La Procura di Roma è pronta a chiudere le indagini sul caso di Giulio Regeni, il ricercatore friulano rapito, torturato e ucciso nel 2016 in Egitto, a carico di cinque 007 egiziani appartenenti alla National Security accusati di sequestro. Per l’Egitto le prove non sono sufficienti e il paese dà una versione completamente diversa che coinvolge dei ladri ignoti che utilizzano passaporti falsi. La famiglia Regeni, di fronte al rifiuto di collaborare dell’Egitto e al tentativo di depistaggio, ha chiesto subito il ritiro dell’ambasciatore.

La versione egiziana

Il procuratore capo di Roma, Michele Prestipino, nel corso di un nuovo incontro ha comunicato al procuratore Generale d’Egitto le intenzioni dell’Italia. Dallo scambio è emersa una nota congiunta che espone le posizioni inconciliabili delle procure. «Il procuratore generale d’Egitto nel prendere atto della conclusione delle indagini preliminari italiane, avanza riserve sulla solidità del quadro probatorio che ritiene costituito da prove insufficienti per sostenere l’accusa in giudizio». In ogni caso «la procura generale d’Egitto rispetta le decisioni che verranno assunte, nella sua autonomia, dalla procura della Repubblica di Roma».

La procura egiziana ritiene che l’esecutore dell’omicidio di Giulio Regeni sia ancora ignoto e porta avanti anzi un’ipotesi alternativa. Ha comunicato «di aver raccolto prove sufficienti nei confronti di una banda criminale, accusata di furto aggravato degli effetti personali di Giulio Regeni che sono stati rinvenuti nell’abitazione di uno dei membri della banda criminale. Le indagini - si legge ancora nella nota - hanno accertato che la stessa banda aveva già compiuto atti simili ai danni di cittadini stranieri, tra i quali anche un altro cittadino italiano e alcune testimonianze acquisite hanno consolidato il quadro probatorio». Il modus operandi della banda «è caratterizzato dall’utilizzo di documenti contraffatti di appartenenti alle forze dell’ordine».

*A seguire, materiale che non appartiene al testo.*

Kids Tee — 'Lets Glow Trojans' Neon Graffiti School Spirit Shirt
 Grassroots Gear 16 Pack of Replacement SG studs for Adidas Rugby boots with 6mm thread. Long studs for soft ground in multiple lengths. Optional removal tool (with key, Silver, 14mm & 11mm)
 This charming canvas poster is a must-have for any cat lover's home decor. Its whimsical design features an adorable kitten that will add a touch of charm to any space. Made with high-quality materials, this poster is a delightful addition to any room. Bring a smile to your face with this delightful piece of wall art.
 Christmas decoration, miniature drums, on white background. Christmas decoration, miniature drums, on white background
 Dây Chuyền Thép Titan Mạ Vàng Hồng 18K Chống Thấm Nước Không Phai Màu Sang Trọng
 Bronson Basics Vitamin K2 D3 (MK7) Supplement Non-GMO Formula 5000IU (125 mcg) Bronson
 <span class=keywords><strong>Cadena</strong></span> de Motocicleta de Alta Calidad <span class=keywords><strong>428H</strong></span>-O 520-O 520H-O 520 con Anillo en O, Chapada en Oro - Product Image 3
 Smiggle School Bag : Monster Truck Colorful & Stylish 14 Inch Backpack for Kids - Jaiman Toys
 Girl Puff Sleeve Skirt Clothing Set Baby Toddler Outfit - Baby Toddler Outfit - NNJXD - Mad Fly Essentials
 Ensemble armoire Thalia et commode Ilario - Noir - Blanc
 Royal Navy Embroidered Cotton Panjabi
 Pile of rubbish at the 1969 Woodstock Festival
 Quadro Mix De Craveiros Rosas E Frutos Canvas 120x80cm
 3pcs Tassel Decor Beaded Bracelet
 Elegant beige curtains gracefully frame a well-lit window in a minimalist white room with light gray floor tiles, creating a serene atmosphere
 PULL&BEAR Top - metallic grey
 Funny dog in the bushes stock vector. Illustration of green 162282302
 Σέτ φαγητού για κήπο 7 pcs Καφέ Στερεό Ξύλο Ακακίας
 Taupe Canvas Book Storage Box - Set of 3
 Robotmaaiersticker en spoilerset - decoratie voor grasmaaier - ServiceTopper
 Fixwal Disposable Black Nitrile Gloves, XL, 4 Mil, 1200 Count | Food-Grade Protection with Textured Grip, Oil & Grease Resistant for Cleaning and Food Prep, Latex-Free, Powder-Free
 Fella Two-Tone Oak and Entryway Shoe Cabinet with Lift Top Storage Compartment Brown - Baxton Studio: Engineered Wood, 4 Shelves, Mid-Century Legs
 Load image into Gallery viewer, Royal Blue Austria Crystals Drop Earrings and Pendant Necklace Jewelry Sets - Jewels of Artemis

La procura generale d’Egitto ha aggiunto «che procederà per queste ragioni nei loro confronti con la chiusura delle indagini, incaricando inoltre gli inquirenti competenti di intraprendere tutte le misure necessarie per giungere all’identificazione dei colpevoli dell’omicidio». La procura di Roma «prende atto della decisione della procura generale d’Egitto».

La famiglia di Giulio

La famiglia di Giulio non ha accettato una risposta simile. «Oggi i procuratori egiziani hanno avuto la sfrontatezza di "avanzare riserve" sull'operato dei nostri magistrati ed investigatori e di considerare insufficienti le prove raccolte». Adesso, aggiunge, «Crediamo che il nostro governo debba prendere atto di questo ennesimo schiaffo in faccia e richiamare immediatamente l'ambasciatore» hanno scritto in una nota Paola e Claudio Regeni, i genitori di Giulio, e l’avvocata Alessandra Ballerini. 

Per loro è «una assoluta mancanza di rispetto nei confronti non solo della nostra magistratura ma anche della nostra intelligenza. Non solo non rispondono - si afferma - alle rogatorie e non sono in grado di fornire cinque indirizzi ma persino si permettono di giudicare il quadro probatorio delineato dalla nostra procura, insistendo nel rifilarci il vecchio sanguinario depistaggio dei 5 rapinatori che costò la vita a degli innocenti fatti spacciare per gli assassini di Giulio».

Per i genitori del ricercatore italiano «serve un segnale di dignità» perché nessun paese «possa infliggere tutto il male del mondo ad un cittadino e restare non solo impunito ma pure amico. Lo dobbiamo a Giulio e a tutti i Giuli e le Giulie in attesa ancora di verità e giustizia».

Il presidente Palazzotto

Il presidente della commissione parlamentare di Inchiesta sull’omicidio di Giulio Regeni, Erasmo Palazzotto (LeU) negli scorsi giorni aveva detto a Domani di non aspettarsi alcuna collaborazione dalle autorità egiziane e aveva chiesto che il governo intervenisse in maniera forte. Dopo questi sviluppi torna a chiedere che il governo prenda posizione: «Da parte dell’Egitto è un insulto alla nostra intelligenza».
L’Egitto «rifiutandosi di fornire una risposta alle richieste dei nostri magistrati, rilancia l’ennesimo tentativo di depistaggio nella fase conclusiva delle indagini è un insulto alla nostra intelligenza, un oltraggio che non possiamo permetterci di subire».
Il governo, dice ancora, «assuma tutte le misure necessarie a tutelare la dignità e la credibilità internazionale del nostro paese». 
Questa, conclude, «non è una vicenda privata della famiglia Regeni, ma una questione nazionale che ci riguarda tutte e tutti».